:: GIVEN DATA ::

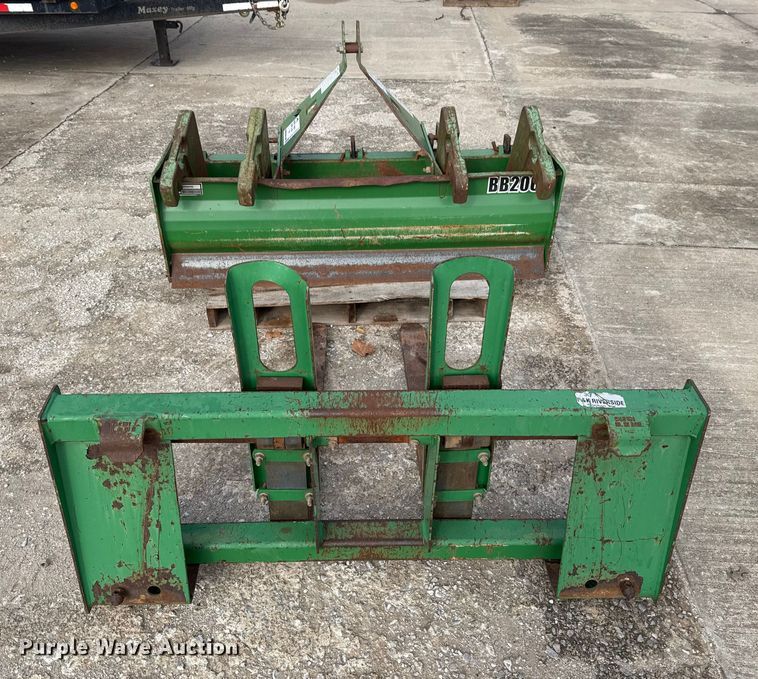 image for item EE3389 Ag tractor attachments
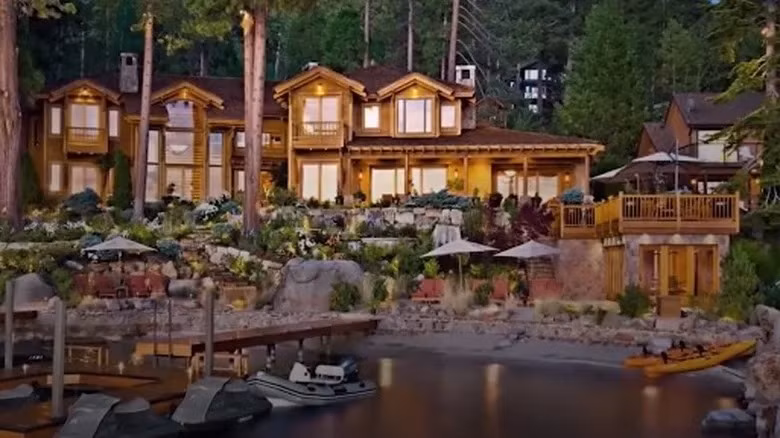 Nhà sáng lập Amazon còn sở hữu bất động sản trị giá 10 triệu USD ở Medina, Washington. Ngôi nhà rộng 1.913 m2, gồm 5 phòng ngủ, 4 phòng tắm. Ảnh: Housedigest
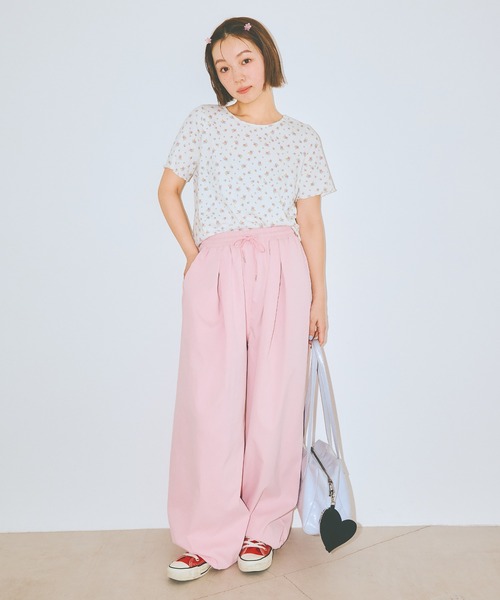 COLORME(カラーミー)の「【AKB48 伊藤百花 着用】小花柄半袖カットソー(Tシャツ/カットソー・レディース・ホワイト/グレー・FREE)」の9枚目の写真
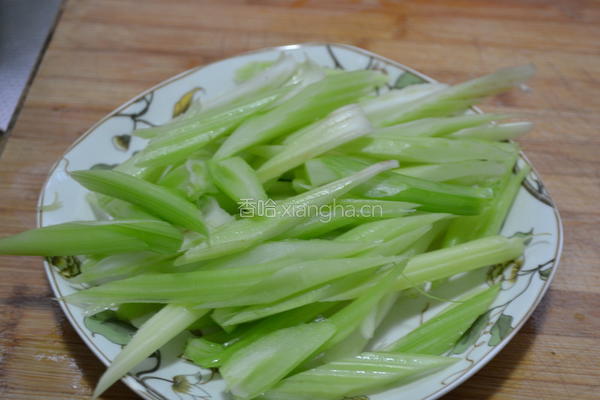 西芹炒香干的做法图解1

:::

Pictures aside, reproduce all of the material above without alteration.

 image for item EE3389 Ag tractor attachments
 Nhà sáng lập Amazon còn sở hữu bất động sản trị giá 10 triệu USD ở Medina, Washington. Ngôi nhà rộng 1.913 m2, gồm 5 phòng ngủ, 4 phòng tắm. Ảnh: Housedigest
 COLORME(カラーミー)の「【AKB48 伊藤百花 着用】小花柄半袖カットソー(Tシャツ/カットソー・レディース・ホワイト/グレー・FREE)」の9枚目の写真
 西芹炒香干的做法图解1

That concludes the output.